Most methods for the analysis of longitudinal data focus on narrow aspects of the picture
- Wave-on-wave transitions
- Starting point versus current position
- single spells (perhaps pooled)
- summaries such as cumulated duration
It is inherently difficult to model the whole long trajectory
- potentially many spells in different states
- the outcome of continuously operating processes over an extended period
- There are many reasons we might want to analyse or summarise whole trajectories
- Mostly exploratory: to get an overview of longitudinal data like means/distributions give an overview of cross-sectional data
Incidence of different sorts of trajectories
- defined a priori by researcher
- defined interactively by researcher
- defined by some formal method
We can simple define rules to classify all sequences - useful where the issue is clear, but complicated where the state space is large, and may rule out finding unexpected sequence types.
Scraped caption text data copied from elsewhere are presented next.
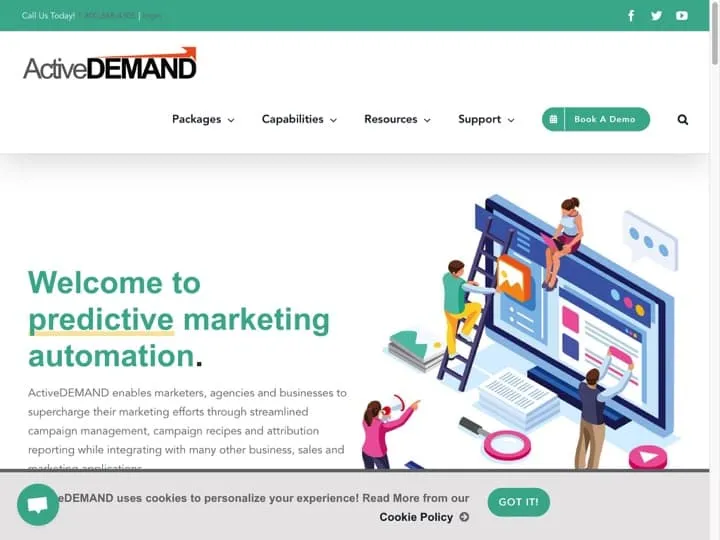 Meilleur logiciel de marketing pour petites entreprises : Activedemand, Wisepops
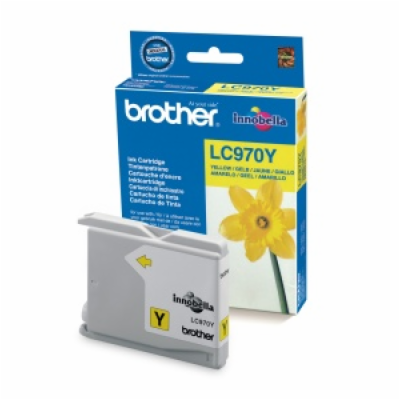 Brother LC-970Y (yellow, 300 str.@ 5%, draft)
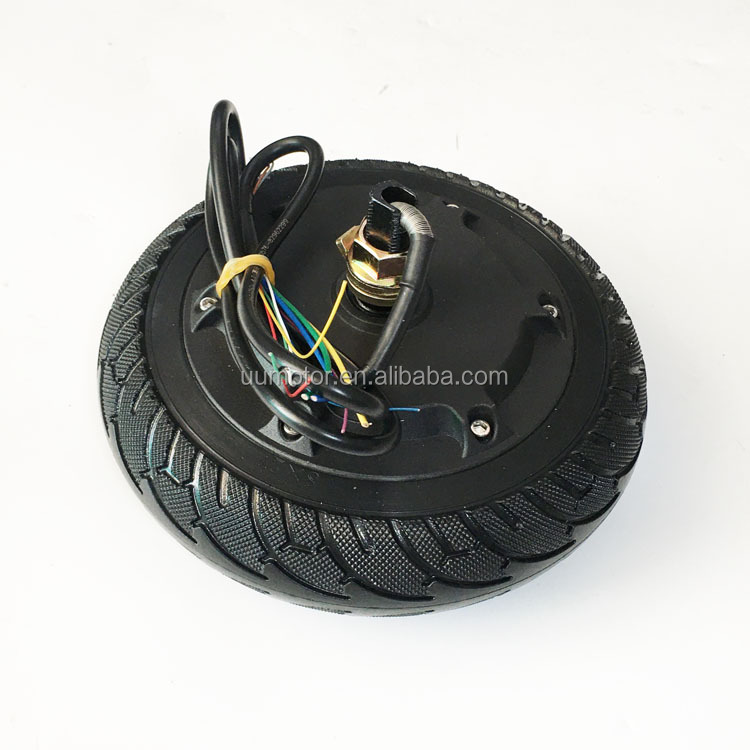 48V 500W Max Load 180kg 8 Inch Single Shaft Robot Wheel Servo Brushless Hub Motor with Encoder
We can define groups interactively: first look at the overall distribution of all sequences, and then group them according to their distribution
- Good where the average length is short and the state space is small
- Impractical with long, variable sequences with many states
Or we can use some automatic algorithm:
- most often some means of defining a similarity score between pairs of sequences,
- and using the pairwise similarity matrix to conduct a cluster analysis.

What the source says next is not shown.